Data to use =>
☆ ☆ ☆ ☆ ☆
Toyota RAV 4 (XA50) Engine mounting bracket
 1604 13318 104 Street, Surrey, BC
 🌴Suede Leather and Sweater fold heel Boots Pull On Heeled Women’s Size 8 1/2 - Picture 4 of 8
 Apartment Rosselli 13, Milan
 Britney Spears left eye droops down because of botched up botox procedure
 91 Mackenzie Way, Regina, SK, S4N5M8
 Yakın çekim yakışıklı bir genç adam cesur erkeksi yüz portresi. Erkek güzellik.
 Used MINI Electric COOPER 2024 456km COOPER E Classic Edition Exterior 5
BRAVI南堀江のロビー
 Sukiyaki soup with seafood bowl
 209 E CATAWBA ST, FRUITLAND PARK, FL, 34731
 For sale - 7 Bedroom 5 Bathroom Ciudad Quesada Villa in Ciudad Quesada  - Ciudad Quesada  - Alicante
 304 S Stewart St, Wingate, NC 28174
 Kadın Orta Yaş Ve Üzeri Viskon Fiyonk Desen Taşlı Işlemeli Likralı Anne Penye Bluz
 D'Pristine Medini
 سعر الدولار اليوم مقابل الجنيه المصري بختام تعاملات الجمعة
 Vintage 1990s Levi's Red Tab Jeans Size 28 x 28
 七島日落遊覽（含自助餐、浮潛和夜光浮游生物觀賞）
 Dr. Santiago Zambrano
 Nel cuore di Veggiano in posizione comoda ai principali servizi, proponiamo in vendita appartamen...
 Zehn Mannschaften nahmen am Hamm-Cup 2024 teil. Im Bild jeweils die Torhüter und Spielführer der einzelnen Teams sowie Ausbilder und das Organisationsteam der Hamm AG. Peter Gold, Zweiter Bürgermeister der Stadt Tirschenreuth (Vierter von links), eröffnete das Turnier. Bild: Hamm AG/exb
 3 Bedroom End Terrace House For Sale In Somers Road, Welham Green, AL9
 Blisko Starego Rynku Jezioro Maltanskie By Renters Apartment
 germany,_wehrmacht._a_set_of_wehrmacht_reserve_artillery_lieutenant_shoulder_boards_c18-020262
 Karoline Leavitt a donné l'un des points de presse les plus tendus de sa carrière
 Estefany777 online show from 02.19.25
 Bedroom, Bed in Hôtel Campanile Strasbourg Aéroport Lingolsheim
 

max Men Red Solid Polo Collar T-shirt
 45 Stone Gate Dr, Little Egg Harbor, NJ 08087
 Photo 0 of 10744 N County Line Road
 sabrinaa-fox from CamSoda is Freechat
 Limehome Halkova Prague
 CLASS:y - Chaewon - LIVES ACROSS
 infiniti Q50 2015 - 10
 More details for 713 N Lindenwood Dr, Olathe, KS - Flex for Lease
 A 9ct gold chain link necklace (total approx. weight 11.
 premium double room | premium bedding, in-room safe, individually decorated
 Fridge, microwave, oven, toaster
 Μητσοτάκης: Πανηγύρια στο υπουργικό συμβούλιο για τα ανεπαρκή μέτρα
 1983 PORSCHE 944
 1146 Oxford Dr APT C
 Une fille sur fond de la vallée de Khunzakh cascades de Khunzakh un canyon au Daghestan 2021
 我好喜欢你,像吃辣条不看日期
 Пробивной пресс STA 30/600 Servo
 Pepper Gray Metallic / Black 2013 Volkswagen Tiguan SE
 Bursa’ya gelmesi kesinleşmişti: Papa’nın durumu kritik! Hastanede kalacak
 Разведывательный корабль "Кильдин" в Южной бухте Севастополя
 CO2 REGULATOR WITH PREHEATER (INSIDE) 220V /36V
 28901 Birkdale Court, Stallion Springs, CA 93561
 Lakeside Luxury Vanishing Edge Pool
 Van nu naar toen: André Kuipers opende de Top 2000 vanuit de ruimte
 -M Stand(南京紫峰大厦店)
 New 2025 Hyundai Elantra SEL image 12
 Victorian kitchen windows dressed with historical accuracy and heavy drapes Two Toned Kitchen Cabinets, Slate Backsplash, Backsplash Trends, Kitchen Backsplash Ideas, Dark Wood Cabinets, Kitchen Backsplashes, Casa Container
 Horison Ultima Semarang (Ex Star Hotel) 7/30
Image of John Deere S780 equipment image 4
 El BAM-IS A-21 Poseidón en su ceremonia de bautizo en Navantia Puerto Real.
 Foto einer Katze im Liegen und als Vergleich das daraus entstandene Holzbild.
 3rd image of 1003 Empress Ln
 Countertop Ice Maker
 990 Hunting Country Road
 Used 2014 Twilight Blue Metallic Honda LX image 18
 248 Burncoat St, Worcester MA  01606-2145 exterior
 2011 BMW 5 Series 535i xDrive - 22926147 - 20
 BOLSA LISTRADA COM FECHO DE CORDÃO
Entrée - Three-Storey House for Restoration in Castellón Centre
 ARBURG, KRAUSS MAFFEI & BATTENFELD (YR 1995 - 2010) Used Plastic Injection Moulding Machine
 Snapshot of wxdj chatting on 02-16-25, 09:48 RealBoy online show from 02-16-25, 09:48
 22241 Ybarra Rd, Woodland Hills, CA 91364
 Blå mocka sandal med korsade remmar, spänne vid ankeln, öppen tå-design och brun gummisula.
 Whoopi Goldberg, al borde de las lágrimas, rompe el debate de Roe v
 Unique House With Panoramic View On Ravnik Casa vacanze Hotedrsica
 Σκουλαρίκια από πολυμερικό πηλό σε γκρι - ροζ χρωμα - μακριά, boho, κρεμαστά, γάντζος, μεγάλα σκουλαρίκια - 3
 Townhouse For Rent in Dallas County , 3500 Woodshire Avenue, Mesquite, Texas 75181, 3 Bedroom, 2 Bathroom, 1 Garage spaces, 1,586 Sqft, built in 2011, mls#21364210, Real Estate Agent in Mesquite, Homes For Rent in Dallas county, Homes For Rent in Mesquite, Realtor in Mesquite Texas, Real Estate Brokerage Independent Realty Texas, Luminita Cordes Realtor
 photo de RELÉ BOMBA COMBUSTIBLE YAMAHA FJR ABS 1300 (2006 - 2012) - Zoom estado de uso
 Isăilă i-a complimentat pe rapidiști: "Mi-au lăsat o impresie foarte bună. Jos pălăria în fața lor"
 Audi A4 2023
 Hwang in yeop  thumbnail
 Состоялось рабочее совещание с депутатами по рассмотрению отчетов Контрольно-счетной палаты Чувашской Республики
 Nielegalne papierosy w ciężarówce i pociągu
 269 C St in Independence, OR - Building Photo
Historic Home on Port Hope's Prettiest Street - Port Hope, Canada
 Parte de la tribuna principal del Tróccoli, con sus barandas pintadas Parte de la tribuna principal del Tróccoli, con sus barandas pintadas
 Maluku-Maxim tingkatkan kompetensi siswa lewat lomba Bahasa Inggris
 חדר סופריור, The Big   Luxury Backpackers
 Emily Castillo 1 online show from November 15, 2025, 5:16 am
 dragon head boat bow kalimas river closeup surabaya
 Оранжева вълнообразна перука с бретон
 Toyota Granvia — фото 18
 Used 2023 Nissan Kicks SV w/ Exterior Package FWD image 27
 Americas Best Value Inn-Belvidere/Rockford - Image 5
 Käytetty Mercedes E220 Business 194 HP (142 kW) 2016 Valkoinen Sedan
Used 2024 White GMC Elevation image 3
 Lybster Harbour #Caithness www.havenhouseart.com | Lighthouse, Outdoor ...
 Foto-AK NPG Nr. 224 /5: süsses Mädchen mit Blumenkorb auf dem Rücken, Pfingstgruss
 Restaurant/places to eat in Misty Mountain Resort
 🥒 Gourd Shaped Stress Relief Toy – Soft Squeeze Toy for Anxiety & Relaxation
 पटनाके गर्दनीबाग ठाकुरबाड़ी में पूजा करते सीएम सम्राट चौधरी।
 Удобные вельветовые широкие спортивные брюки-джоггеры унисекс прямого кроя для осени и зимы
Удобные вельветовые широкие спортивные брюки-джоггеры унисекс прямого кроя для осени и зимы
☆ ☆ ☆ ☆ ☆
Among the records above, only the lines between the line holding "Isăilă i-a complimentat" and the line holding "Состоялось рабочее совещание", inclusive, are to be output, exactly as written.

 Isăilă i-a complimentat pe rapidiști: "Mi-au lăsat o impresie foarte bună. Jos pălăria în fața lor"
 Audi A4 2023
 Hwang in yeop  thumbnail
 Состоялось рабочее совещание с депутатами по рассмотрению отчетов Контрольно-счетной палаты Чувашской Республики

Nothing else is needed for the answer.